### [Task to carry out]
In the data below, find each line that contains the word "trong" and copy it.

*** Opening of Records for this task ***

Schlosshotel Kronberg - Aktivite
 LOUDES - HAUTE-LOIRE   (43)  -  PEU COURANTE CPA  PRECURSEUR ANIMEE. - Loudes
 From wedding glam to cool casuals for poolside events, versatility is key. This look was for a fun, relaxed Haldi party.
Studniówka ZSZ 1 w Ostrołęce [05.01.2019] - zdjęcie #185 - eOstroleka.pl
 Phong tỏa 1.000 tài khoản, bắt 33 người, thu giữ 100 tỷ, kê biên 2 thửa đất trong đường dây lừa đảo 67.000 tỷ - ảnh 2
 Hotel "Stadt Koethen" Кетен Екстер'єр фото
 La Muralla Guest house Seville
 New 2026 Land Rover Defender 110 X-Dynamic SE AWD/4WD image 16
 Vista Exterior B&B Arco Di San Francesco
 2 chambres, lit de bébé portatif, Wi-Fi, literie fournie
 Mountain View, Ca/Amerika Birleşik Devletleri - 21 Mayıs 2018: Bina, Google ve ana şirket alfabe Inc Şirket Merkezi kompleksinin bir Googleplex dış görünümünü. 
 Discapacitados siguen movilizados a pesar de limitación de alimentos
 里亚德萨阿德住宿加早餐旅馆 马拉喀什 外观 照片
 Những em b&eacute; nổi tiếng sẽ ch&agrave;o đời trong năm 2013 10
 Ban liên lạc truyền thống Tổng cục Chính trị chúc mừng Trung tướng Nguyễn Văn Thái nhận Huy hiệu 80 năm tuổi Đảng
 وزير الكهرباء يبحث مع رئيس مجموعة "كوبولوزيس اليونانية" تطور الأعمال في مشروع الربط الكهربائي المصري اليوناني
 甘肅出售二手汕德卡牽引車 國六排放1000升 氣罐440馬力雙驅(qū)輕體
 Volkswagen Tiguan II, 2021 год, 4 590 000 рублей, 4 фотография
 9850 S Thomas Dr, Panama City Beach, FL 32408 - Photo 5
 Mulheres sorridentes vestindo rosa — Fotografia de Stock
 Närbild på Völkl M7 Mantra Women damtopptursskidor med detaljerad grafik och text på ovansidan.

*** Close of Records for this task ***

### [Exercise result]
 Phong tỏa 1.000 tài khoản, bắt 33 người, thu giữ 100 tỷ, kê biên 2 thửa đất trong đường dây lừa đảo 67.000 tỷ - ảnh 2
 Những em b&eacute; nổi tiếng sẽ ch&agrave;o đời trong năm 2013 10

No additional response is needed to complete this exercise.